Маня, видимо так горячо желавшая познакомить его со словами, которые пришлись ей по душе, но грубо прерванная своим ментором, как-то вся съежилась и растерялась.
– Простите, пожалуйста, я знаю, что вы все говорите на мою же пользу… только уж такая я злосчастная: чуть что у меня в голове – все и поспутается…

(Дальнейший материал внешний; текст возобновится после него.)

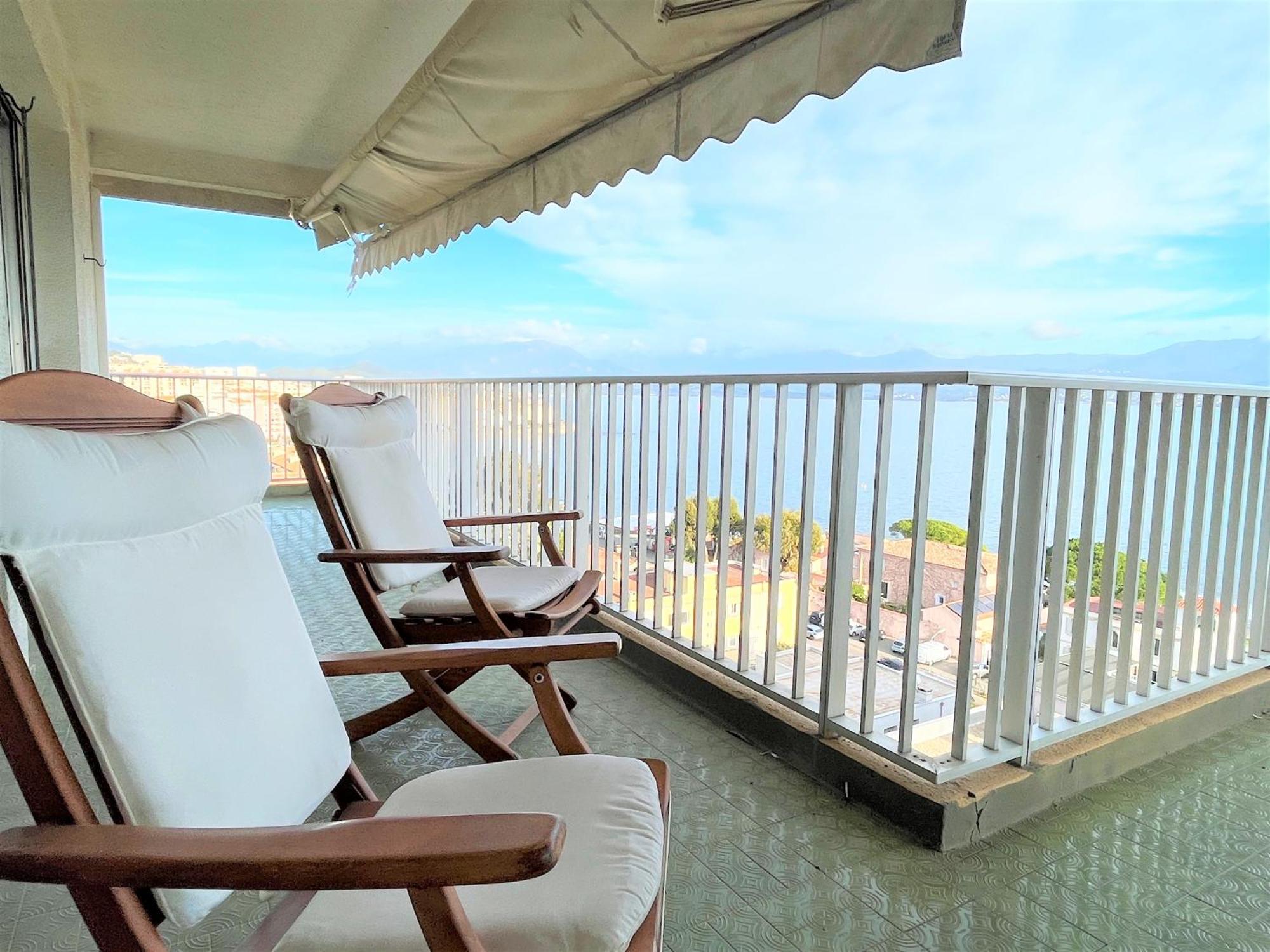 Appartement Vue Mer Carmino Ajaccio Ajaccio  Zewnętrze zdjęcie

При этих словах юнец вздрогнул, – они точно ударили его хлыстом по лицу. Он так вспыхнул от стыда, что слезы навернулись у него на глаза. Он схватил руки Мани и, горячо пожимая их, просил простить его за нетерпение:
– Сам знаю, что бываю мерзавцем и свиньею… и, право же, это оттого, что мне так хочется, чтобы все поскорее узнали то, что я сам знаю. Простите меня, Манечка, и скажите то, что вы хотели сказать…
Она с минуту смотрела на него в замешательстве и теребила свои рукавчики. Наконец улыбнулась и сразу проговорила, точно затверженный назубок урок, без малейшей запинки, и с лицом, сияющим радостью:
– «Человек должен стремиться к благополучию наибольшего числа людей». Ведь вы это хотели меня допросить? И я, ей-богу же, понимаю это. Мне радостно, даже очень радостно это…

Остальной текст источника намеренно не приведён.